I started my journey in the field with Dr Paul-André Melliès (CNRS), my primary PhD supervisor. My secondary supervisor was Dr Olivier Serre (CNRS).
Functional programs are such that a function can take another function as input. This creates significant challenges when it comes to their mathematical analysis. We have revisited and enhanced existing proofs and techniques for the analysis of functional programs, bringing them to fully structured algebraic frameworks (extensions of models of linear logic).
This led us to the first fully compositional verification approach for that problem: via our contribution, checking that a functional program is bug-exempt can be performed component by component, then obtaining the global result by simple composition mechanisms.

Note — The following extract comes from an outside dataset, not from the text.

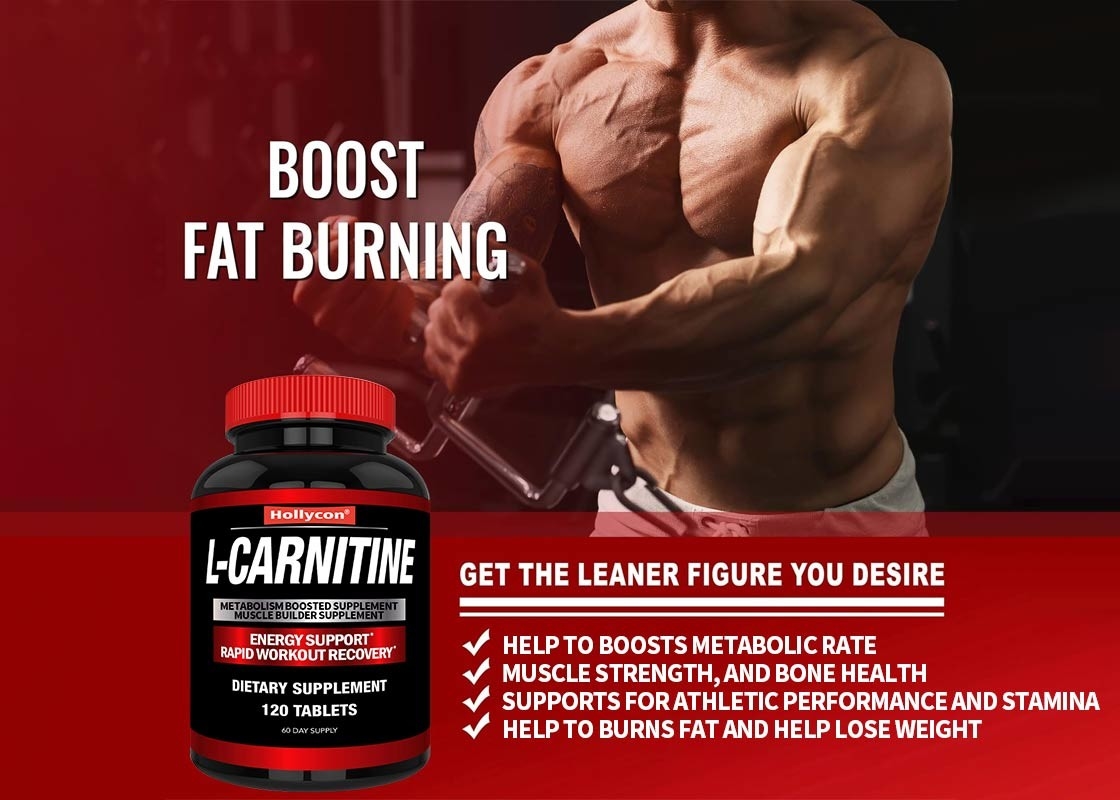 Food Grade L-Carnitine Tablet Help To Boosts Metabolic Rate Muscle Strength Muscle Builder Supplement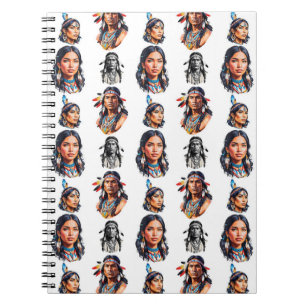 Cuaderno Diseño del patrón de tribu indígena nativo america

That first significant experience in research has convinced me of the importance of compositionality for modeling and analysing systems: from the analysis of their sub-components, compute efficiently the behaviour of the whole.
Publications: ITRS 2014, FoSSaCS 2015, CSL 2015, MFCS 2015 + my PhD thesis.
Further refinements in the field, at the light of linear logic and related typing disciplines, were explored with Prof Andrzej Murawski (Oxford) and Dr Pierre Clairambault (CNRS).
Publication: POPL 2018.
More technically. During my postdoc with Prof Ugo Dal Lago (Bologna), we designed a type system that ensures that a probabilistic functional program that is typeable will terminate with probability 1.
In other words, the problem might not terminate in some cases, but the set of non-terminating executions must have measure 0: non-termination is improbable, not impossible.
Publications: ESOP 2017, ACM TOPLAS 2019.
We then teamed with Prof Naoki Kobayashi (Tokyo) to investigate further questions of probablistic termination for functional programs, extended with probabilistic choice, in a framework derived from higher-order recursion schemes.